Поэзия народов СССР IV – XVIII веков | страница 9
И сонмы сил, недобрых и благих —
Любовь и гнев, проклятья и молитвы,—
Блистают острием мечей своих
И дух мой превращают в поле битвы!
(Нарекаци)
Но осознание невозможности воплощения идеала, в ту пору могущего быть только религиозным, и есть, если вдуматься, глубоко земное чувствование, ибо церковная догматика видела в аскетическом каноне как раз преимущество и доказательство божественного порядка, допускающего достижение идеальности лишь по ту сторону земного существования.
Нарекаци хочет поднять земного человека до божественного идеала. Уже в этом заключена та свобода по отношению к регламентированной универсальности средневекового бога, которая создает почву для неоплатонизма. Эта свобода рождает самоуглубленность в живую природу, познание противоречивой сущности человека и вещей, с которой божественная универсальность не в состоянии справиться, ибо она уже не в состоянии ни объять, ни объяснить личность. В результате происходит обожествление человека, а не очеловечивание бога. Но не только. Хотя поэт и стремится к божественному идеалу, однако на пути к нему он раскрывает в человеке такое противоречивое многообразие чисто земных, «плотских», природных качеств и состояний, которые, будучи «греховными», тем не менее начинают играть самодовлеющую роль и значение и в повествовании и в познании мира. В результате, хотя «Книга скорбных песнопений» Нарекаци посвящена всецело богу, хотя каждая глава начинается и кончается «Словом к богу, идущим из глубин сердца», сама реальная панорама человеческого духа и смятенного сознания, созданная поэтом, такова, что получает самостоятельное от него значение; произведение, обращенное к познанию и утверждению идеи божества, есть прежде всего поэма о человеке, о природе его трагического, сомневающегося, ищущего истины духа.
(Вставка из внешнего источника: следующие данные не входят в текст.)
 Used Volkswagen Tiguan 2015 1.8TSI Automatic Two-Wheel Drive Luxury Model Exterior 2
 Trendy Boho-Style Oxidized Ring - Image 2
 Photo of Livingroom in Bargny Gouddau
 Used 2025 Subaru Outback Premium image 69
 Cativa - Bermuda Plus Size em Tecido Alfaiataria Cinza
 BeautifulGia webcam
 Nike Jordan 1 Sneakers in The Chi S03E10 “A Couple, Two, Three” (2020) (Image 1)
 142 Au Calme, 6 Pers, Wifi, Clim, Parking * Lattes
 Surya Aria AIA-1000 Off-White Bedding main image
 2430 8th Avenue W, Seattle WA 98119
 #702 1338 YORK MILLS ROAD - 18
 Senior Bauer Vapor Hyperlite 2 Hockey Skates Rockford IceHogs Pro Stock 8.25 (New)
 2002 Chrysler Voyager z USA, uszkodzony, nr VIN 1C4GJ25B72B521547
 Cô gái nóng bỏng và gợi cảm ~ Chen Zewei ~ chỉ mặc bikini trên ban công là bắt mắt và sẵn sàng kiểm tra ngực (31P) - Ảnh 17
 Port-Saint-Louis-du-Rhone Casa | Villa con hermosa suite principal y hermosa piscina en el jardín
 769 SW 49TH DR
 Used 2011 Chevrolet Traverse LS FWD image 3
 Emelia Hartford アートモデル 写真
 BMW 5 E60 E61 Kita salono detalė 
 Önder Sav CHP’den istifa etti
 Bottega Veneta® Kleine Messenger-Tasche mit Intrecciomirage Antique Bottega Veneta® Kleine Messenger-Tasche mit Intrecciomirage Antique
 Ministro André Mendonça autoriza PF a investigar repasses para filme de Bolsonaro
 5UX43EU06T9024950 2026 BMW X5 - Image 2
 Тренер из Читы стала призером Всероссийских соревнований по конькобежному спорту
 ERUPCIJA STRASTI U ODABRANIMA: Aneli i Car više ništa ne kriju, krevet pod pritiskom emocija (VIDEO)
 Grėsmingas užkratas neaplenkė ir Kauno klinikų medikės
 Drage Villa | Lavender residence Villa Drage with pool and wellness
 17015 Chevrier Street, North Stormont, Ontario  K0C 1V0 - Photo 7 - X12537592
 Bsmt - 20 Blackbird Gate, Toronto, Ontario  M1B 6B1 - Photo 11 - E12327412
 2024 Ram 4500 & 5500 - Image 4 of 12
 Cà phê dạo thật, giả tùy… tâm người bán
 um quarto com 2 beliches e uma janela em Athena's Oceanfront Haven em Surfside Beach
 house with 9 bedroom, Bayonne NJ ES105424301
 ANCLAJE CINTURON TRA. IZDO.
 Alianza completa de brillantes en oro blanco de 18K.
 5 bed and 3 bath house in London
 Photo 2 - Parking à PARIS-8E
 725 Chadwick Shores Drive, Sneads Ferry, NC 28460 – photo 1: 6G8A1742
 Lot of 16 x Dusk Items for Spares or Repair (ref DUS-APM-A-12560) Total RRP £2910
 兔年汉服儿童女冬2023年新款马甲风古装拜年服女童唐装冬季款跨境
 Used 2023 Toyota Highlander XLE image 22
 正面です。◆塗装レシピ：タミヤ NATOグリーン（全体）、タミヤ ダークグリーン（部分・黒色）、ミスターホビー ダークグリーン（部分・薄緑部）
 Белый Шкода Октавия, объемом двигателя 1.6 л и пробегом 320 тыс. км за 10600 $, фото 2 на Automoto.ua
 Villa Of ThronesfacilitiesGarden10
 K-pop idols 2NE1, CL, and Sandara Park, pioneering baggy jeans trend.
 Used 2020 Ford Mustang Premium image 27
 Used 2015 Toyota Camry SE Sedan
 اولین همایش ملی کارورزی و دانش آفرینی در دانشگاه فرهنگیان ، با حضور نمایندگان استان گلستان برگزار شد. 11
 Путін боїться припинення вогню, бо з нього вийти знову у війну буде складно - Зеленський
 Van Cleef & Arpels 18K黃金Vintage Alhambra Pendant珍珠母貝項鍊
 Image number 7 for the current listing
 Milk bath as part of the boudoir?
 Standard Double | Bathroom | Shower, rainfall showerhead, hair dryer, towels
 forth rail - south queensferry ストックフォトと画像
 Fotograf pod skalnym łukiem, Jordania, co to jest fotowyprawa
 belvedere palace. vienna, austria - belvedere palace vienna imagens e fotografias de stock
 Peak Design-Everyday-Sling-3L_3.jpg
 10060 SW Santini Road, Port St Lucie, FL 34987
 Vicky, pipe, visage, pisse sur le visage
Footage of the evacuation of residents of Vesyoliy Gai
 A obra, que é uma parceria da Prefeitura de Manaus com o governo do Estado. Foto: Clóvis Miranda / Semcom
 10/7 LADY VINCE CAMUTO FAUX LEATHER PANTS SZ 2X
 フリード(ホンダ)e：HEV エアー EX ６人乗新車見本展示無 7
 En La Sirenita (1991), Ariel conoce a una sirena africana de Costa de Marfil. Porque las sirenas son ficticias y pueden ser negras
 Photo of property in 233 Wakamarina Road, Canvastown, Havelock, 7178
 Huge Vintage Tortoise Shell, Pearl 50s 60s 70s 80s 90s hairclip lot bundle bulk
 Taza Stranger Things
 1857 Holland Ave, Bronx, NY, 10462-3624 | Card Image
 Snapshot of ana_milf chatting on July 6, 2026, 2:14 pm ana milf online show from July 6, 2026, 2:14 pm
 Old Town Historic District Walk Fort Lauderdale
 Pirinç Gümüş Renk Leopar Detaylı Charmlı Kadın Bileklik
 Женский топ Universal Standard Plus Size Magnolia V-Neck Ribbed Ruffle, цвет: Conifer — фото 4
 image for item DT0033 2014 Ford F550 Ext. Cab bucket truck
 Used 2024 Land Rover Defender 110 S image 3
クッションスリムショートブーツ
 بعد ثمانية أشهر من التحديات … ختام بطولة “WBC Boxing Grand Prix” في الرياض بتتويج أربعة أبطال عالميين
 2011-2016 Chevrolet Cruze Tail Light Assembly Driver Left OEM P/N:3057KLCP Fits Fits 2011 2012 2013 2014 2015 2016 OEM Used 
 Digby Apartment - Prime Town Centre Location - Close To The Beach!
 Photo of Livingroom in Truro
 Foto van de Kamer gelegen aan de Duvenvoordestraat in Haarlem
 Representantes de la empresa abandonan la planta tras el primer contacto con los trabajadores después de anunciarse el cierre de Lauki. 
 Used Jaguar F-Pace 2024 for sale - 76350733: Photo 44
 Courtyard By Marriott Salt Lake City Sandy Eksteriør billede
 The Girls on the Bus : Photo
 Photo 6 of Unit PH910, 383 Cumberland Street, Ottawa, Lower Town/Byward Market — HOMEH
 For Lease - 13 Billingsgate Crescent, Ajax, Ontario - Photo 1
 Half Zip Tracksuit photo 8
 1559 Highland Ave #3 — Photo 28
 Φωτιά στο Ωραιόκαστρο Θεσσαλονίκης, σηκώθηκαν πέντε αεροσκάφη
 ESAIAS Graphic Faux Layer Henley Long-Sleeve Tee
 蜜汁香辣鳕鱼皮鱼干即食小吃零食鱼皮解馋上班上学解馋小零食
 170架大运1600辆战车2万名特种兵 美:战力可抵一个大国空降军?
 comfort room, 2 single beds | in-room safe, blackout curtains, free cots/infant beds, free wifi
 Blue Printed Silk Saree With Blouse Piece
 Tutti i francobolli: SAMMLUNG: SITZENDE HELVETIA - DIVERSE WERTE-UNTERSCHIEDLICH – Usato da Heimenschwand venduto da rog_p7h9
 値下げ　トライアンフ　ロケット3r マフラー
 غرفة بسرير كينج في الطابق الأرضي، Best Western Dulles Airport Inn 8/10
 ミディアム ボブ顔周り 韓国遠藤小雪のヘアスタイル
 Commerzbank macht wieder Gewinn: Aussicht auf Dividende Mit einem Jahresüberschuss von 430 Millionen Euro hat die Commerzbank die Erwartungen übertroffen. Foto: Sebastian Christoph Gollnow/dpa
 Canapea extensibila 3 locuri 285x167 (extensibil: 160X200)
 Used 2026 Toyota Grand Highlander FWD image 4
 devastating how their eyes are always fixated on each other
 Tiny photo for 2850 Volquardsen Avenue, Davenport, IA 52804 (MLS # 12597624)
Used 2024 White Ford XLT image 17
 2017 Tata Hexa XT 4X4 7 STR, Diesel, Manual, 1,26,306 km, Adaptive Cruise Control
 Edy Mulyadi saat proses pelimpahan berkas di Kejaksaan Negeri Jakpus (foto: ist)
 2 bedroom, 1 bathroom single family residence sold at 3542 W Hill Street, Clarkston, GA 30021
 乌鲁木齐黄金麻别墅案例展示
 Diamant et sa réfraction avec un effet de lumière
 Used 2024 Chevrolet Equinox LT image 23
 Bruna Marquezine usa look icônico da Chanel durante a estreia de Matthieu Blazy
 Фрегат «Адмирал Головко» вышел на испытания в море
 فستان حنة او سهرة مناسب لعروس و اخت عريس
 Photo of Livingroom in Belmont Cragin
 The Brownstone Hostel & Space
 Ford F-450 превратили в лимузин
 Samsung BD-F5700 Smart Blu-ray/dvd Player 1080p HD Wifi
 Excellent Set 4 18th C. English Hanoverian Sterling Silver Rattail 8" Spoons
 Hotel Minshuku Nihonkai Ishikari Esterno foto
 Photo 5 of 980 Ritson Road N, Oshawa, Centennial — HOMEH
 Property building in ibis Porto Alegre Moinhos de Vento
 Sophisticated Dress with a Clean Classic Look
Осознать природу земного человеческого существования армянскому епископу X века помог не только его высокий поэтический дар, но и его способность проникнуть в народную душу, минуя концепции официальной церкви, а в то время это было подвигом.
Грузинские поэты, в противоположность армянским, были больше связаны не с церковью, а с царским двором как центром национально- государственной жизни. Великий Руставели в своем бессмертном «Витязе в тигровой шкуре» воспевает царицу Тамар. Но помимо того, что для патриота XII века она, естественно, представлялась средоточием государственной власти и мудрости, которые, кстати, царица Тамар, как и ее дед и прадед, оправдывали личными достоинствами, само творение Руставели представляет собой прежде всего универсальный целостный свод и кодекс национальной мысли, философии, морали, нравственности, которые сопутствуют грузинскому народу до сих пор. Диалогично этому и воспевания царей и полководцев в поэмах «Тамариани» Чахрухадзе и «Абдул-Мессия» Шавтели являются, по существу, поэтическими историями страны в героический период ее расцвета. Царь, как герой произведения, персонифицирует, в силу своего официального государственного статута, историческую народную сущность.